Papa John Joseph was a popular string bass player at Preservation Hall in New Orleans throughout the twentieth century.

Papa John Joseph

Courtesy of Tulane University, William Ransom Hogan Archive of New Orleans Jazz

John "Papa" Joseph outside barber shop. Crawford, Ralston (Photographer)

Coming from a large musical family, “Papa” John Joseph was a New Orleans traditional jazz and early rhythm and blues (R&B) string bass player and multi-instrumentalist. Joseph was the elder brother of clarinetist Willie “Kaiser” Joseph and the granduncle of Don Vappie, the modern banjo virtuoso from New Orleans. Joseph died while performing on stage at New Orleans’s Preservation Hall in 1965.

Joseph was born on November 27, 1876, at Jamestown Landing, on the west bank of the Mississippi River in rural St. James Parish. He was born into a family of musicians, including his father, brothers, and mother, who played guitar and banjo. Early on, he became a member of the family band along with brother Nelson, two uncles, and bass and violin player Wellman Braud. His brother Willie, a clarinetist, was said to be the first member of the family to play a nonstringed instrument.

Joseph moved to New Orleans in 1906 and soon found work playing with artists like Pinchback Touro, Louis Dumaine, Louis James, Joe Johnson, Manual Manetta, and Buddy Petit. Joseph also worked as a barber at his shop on First Street and organized dances across the street, hiring musicians like King Oliver, Kid Ory, and John Robichaux to perform. In 1913 he left New Orleans to perform with a number of bands throughout the area, including the Holmes Band of Lutcher and the Claiborne Williams Band of Donaldsonville. For the next few decades his public performances would be infrequent.

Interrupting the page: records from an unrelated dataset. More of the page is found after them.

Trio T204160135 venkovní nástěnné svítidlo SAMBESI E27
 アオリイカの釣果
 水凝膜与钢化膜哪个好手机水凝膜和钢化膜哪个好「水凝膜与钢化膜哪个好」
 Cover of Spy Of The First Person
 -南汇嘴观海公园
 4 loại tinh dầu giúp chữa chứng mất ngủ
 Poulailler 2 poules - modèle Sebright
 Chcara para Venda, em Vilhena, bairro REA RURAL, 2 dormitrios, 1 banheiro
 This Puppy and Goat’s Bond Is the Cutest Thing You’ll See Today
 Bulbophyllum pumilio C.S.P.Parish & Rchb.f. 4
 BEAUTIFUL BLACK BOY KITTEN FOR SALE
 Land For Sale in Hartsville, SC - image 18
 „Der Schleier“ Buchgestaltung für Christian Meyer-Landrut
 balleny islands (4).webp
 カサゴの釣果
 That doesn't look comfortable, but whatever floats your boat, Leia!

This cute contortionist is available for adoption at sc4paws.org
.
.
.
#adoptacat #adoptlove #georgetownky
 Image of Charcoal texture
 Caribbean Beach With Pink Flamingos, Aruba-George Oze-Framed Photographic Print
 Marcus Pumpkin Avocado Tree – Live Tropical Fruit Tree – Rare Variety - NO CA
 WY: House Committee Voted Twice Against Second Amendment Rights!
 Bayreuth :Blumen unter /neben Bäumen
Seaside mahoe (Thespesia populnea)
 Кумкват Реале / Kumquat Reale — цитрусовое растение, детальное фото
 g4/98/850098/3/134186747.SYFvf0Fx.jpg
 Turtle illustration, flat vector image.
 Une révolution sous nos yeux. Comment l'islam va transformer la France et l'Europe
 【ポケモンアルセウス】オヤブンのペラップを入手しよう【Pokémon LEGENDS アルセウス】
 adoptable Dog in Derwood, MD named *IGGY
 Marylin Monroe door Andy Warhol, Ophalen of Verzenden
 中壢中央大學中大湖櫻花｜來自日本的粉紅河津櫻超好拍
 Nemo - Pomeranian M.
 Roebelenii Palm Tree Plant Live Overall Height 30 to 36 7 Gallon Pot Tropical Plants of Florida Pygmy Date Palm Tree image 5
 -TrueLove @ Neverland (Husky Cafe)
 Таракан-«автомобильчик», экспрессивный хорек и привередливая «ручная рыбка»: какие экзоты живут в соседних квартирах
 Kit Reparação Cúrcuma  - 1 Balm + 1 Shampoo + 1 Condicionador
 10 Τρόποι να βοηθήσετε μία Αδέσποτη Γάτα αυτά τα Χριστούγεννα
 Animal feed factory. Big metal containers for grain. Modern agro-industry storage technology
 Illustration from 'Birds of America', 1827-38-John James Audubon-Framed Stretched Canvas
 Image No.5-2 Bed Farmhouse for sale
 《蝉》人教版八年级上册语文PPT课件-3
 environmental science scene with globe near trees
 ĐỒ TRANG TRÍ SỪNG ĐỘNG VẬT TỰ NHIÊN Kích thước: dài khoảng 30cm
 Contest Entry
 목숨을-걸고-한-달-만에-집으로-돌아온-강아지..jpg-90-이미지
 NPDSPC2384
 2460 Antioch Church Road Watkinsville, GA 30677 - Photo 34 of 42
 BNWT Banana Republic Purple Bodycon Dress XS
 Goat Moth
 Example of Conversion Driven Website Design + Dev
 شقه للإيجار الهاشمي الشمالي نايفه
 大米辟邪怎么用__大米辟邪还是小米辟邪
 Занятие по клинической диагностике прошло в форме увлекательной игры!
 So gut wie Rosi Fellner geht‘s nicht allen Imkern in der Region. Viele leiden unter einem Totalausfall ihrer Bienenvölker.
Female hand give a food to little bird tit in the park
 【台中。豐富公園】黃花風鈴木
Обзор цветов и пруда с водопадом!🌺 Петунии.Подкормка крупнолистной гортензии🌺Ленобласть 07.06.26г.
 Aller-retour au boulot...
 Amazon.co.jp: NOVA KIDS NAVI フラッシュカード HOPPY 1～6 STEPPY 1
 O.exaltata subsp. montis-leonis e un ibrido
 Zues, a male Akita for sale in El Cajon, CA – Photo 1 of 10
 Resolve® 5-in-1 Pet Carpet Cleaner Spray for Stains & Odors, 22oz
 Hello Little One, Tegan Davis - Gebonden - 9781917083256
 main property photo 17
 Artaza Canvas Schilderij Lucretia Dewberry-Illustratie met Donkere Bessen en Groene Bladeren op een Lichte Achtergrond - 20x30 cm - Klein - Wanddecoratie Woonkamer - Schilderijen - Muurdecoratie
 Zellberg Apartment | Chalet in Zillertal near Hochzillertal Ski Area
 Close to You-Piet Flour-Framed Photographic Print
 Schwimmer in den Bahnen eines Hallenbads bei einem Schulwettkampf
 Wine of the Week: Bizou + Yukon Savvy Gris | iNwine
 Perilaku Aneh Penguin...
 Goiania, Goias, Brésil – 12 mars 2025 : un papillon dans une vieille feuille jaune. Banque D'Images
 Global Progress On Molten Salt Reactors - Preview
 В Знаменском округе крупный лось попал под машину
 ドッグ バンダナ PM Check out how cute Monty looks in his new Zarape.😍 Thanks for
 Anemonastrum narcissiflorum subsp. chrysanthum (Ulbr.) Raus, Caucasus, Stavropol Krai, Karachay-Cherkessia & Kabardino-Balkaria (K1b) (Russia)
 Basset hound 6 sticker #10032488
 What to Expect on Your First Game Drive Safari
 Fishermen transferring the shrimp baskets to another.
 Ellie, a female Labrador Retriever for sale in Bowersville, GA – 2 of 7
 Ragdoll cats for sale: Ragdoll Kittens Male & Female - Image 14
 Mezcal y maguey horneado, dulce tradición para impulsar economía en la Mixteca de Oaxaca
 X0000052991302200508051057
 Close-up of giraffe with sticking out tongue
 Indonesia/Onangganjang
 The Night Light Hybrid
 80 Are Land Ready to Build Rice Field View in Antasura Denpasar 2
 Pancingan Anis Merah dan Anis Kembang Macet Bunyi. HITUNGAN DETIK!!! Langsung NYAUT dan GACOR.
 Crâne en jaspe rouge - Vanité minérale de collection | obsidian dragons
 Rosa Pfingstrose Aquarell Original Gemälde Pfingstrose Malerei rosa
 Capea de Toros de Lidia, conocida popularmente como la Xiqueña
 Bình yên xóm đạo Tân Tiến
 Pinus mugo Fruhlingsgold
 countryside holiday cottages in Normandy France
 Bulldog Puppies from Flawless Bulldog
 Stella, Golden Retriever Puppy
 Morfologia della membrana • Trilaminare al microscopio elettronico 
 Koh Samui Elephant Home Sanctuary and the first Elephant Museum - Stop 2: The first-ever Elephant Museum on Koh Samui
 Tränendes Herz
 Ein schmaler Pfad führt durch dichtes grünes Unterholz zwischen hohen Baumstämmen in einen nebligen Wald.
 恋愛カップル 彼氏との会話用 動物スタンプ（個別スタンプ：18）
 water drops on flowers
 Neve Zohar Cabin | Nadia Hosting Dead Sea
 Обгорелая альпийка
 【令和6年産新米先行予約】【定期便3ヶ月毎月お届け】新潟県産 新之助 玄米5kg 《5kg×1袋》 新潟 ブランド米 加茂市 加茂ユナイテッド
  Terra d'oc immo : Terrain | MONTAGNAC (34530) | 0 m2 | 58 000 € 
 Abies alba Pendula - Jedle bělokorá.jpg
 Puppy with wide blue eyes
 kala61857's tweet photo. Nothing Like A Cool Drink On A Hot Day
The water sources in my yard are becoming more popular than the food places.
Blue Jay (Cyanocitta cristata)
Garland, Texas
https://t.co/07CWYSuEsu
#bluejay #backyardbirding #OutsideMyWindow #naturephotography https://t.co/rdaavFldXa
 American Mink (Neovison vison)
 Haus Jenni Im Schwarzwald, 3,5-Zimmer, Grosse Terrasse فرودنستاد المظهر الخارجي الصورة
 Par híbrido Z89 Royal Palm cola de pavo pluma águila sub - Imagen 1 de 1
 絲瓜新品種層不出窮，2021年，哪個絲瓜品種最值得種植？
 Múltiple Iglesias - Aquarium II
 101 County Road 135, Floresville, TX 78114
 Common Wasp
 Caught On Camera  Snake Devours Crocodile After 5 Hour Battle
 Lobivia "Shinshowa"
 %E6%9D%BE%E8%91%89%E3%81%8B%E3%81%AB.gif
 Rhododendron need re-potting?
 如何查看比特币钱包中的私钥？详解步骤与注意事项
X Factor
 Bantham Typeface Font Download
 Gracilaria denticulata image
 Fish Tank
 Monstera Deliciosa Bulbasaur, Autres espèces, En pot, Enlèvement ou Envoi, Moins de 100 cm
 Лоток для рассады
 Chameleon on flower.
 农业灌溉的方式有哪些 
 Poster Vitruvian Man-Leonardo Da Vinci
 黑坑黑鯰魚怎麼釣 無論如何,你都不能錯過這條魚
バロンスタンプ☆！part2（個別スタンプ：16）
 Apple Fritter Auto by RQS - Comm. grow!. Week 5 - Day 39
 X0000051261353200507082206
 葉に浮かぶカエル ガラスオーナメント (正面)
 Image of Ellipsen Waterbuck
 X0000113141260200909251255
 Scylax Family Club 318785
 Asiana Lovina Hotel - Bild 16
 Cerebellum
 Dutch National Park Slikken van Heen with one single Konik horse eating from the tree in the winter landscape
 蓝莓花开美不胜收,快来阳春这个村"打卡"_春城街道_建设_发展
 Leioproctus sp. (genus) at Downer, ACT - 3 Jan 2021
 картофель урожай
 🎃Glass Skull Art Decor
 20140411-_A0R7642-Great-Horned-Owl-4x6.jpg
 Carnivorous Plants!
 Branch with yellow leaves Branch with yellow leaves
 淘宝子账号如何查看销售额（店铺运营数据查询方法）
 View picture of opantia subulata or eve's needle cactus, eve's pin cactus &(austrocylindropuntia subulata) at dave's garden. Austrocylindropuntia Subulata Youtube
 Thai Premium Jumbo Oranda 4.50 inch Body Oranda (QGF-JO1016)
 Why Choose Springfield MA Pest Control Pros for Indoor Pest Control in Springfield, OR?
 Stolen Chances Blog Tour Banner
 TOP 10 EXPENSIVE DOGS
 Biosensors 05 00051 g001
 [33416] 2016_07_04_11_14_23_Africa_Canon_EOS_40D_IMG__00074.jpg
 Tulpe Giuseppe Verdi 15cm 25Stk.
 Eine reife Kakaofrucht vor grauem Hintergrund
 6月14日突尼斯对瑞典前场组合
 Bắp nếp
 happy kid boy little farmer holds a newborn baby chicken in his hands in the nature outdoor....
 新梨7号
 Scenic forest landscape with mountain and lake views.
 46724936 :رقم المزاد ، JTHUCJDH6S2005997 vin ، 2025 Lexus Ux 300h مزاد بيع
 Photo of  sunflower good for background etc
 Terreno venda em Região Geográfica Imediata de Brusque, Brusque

The late 1940s to early 1950s saw the release of a number of early R&B anthologies, among them the well-regarded album The Chronological Smiley Lewis. Joseph played string bass on the recording, which featured the hits “I Hear You Knocking,” “Tee Nah Nah,” and “The Bells Are Ringin’.” In the 1950s Joseph was a strolling musician, playing often with artists like Edward “Noon” Johnson, Lemon Nash, and Punch Miller. Joseph’s gigs with Miller in the Associated Artists Gallery next to Pat O’Brien’s in the French Quarter were part of the stimulus that led to the formation of New Orleans’s famed Preservation Hall.

Joseph joined the musicians’ union for the first time at age eighty-six. This decade proved to be one of his most prolific, as he toured with Kid Sheik’s Storyville Ramblers, recorded for Atlantic Records in 1962, and toured Japan with George Lewis in 1963. After he returned to New Orleans he was a frequent and beloved Preservation Hall performer. He collapsed and died on January 22, 1965, at Preservation Hall, after a performance of “When the Saints Go Marching In.”